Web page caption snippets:
--- START ---

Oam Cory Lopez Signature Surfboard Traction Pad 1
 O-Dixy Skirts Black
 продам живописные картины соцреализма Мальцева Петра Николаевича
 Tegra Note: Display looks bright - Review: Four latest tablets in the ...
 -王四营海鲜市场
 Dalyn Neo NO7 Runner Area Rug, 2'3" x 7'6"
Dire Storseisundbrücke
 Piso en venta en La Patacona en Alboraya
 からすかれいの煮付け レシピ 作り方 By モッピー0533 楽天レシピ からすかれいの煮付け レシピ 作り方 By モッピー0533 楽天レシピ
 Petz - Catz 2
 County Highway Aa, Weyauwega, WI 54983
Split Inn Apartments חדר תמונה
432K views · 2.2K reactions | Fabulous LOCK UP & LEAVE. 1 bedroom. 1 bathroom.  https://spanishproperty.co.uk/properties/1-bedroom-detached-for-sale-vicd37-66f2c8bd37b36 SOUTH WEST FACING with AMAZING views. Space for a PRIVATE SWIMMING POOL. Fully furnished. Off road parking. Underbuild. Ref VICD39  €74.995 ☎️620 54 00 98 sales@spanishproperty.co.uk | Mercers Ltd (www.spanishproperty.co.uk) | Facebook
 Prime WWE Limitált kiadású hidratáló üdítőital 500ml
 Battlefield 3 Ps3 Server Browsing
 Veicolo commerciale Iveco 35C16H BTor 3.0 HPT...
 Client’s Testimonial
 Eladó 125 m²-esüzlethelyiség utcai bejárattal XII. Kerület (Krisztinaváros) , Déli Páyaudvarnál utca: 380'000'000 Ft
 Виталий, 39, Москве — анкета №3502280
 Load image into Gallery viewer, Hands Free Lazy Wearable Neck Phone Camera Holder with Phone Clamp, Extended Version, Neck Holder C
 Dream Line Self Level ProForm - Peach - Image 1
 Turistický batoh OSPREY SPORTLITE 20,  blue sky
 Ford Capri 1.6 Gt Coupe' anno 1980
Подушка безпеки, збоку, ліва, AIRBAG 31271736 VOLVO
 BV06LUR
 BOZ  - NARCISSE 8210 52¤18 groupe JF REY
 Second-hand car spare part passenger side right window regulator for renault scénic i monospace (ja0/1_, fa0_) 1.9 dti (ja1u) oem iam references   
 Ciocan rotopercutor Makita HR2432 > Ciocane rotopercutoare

--- END ---

WHAT YOU HAVE TO DO: All lines from the one that contains "Veicolo commerciale Iveco" to the last line above must be given again exactly, with both included and nothing added.

WRITTEN SOLUTION:
 Veicolo commerciale Iveco 35C16H BTor 3.0 HPT...
 Client’s Testimonial
 Eladó 125 m²-esüzlethelyiség utcai bejárattal XII. Kerület (Krisztinaváros) , Déli Páyaudvarnál utca: 380'000'000 Ft
 Виталий, 39, Москве — анкета №3502280
 Load image into Gallery viewer, Hands Free Lazy Wearable Neck Phone Camera Holder with Phone Clamp, Extended Version, Neck Holder C
 Dream Line Self Level ProForm - Peach - Image 1
 Turistický batoh OSPREY SPORTLITE 20,  blue sky
 Ford Capri 1.6 Gt Coupe' anno 1980
Подушка безпеки, збоку, ліва, AIRBAG 31271736 VOLVO
 BV06LUR
 BOZ  - NARCISSE 8210 52¤18 groupe JF REY
 Second-hand car spare part passenger side right window regulator for renault scénic i monospace (ja0/1_, fa0_) 1.9 dti (ja1u) oem iam references   
 Ciocan rotopercutor Makita HR2432 > Ciocane rotopercutoare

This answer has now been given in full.